* [ACTIVITY]
Starting with the line that has "The image shows" in the records below and ending with the line that has "Curved black driveway", output those lines exactly and nothing more; omit the pictures.

* [SUPPLIED MATERIAL]
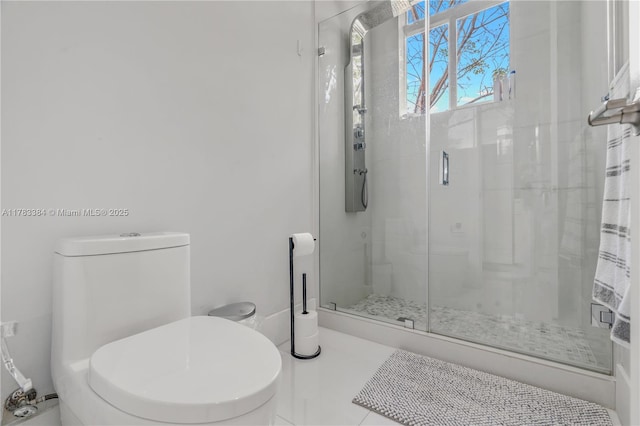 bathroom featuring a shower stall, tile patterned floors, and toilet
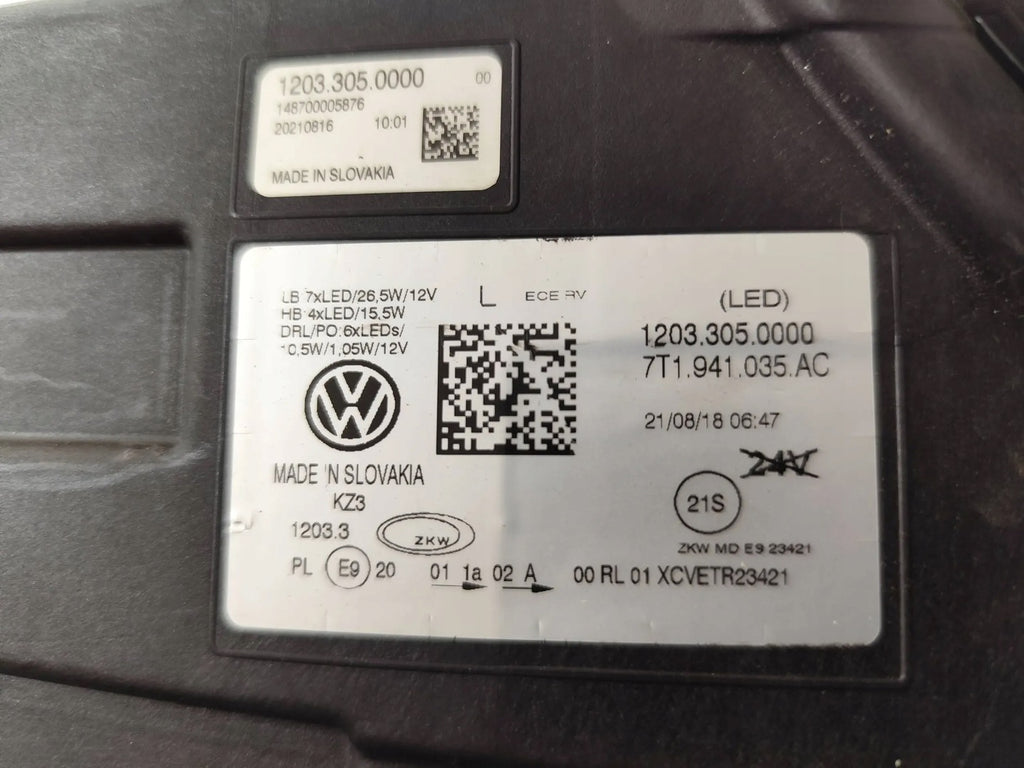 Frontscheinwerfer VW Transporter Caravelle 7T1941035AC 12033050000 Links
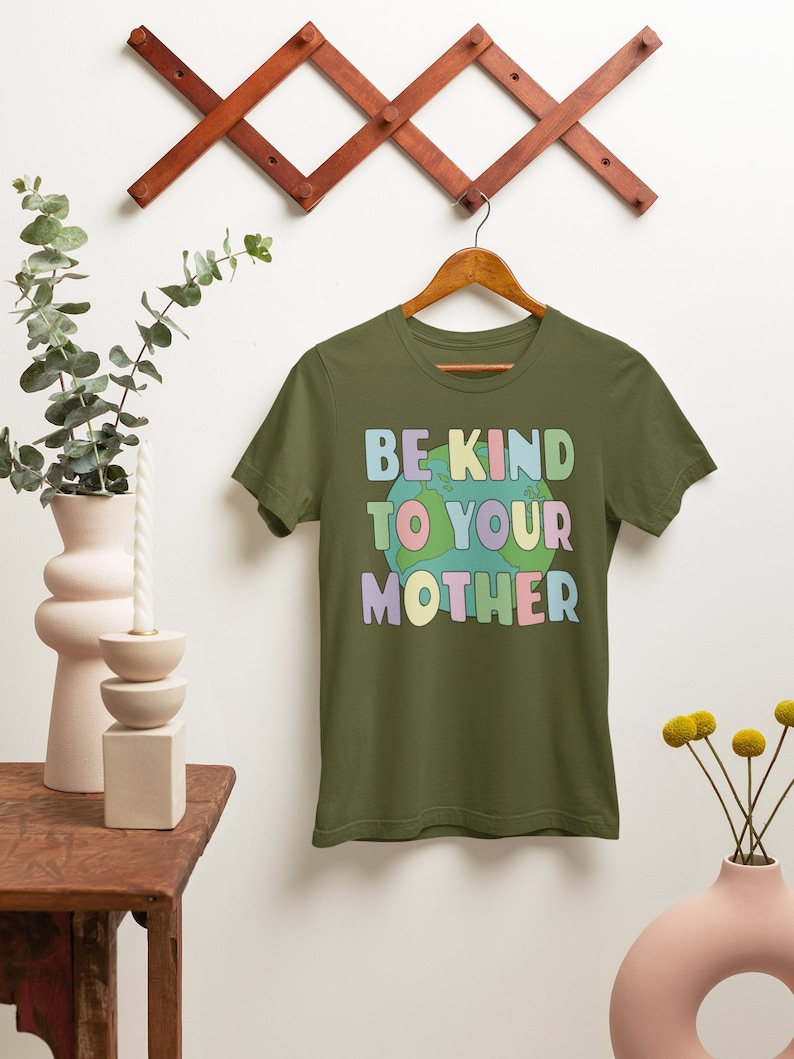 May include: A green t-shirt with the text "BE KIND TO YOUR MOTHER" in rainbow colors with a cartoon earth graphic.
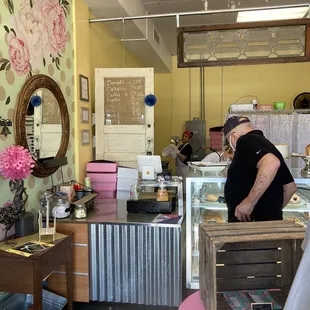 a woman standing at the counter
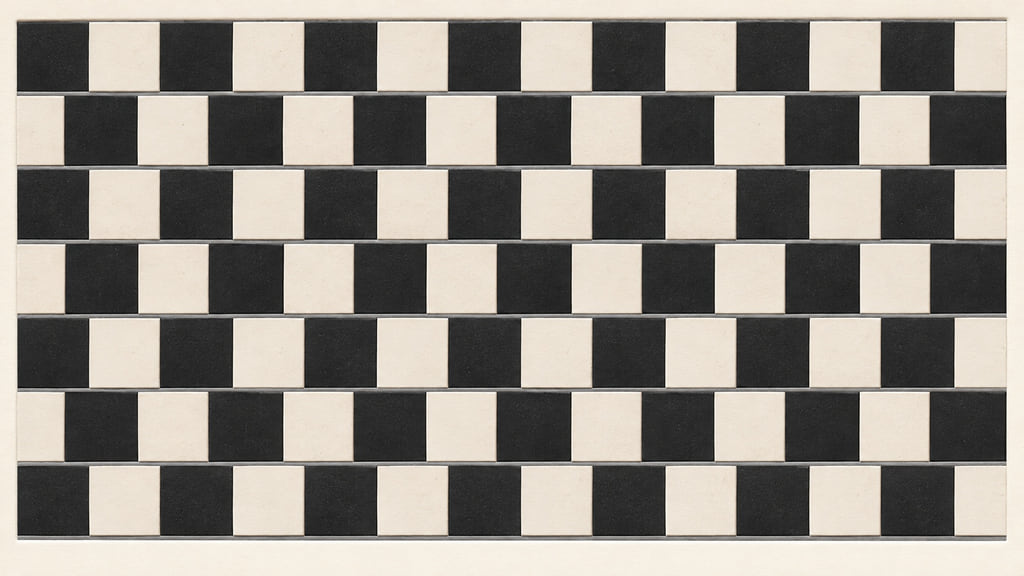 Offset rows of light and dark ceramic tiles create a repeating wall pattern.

--

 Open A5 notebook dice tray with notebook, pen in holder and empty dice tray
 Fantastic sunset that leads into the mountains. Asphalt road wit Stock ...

...

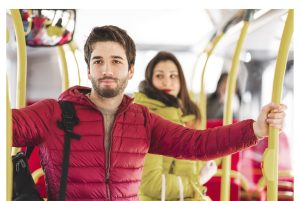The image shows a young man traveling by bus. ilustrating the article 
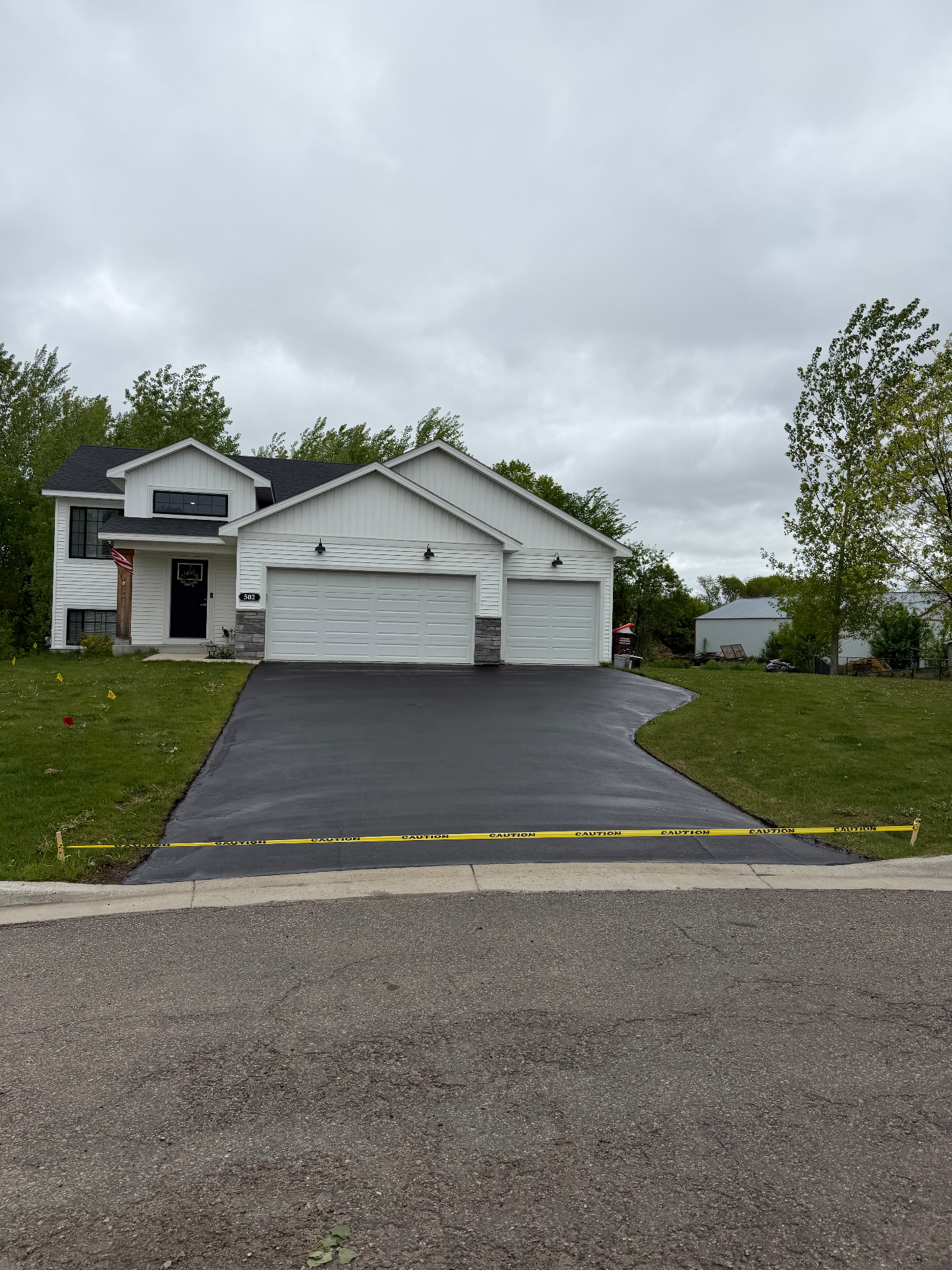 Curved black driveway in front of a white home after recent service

* [YOUR RESPONSE]
The image shows a young man traveling by bus. ilustrating the article 
 Curved black driveway in front of a white home after recent service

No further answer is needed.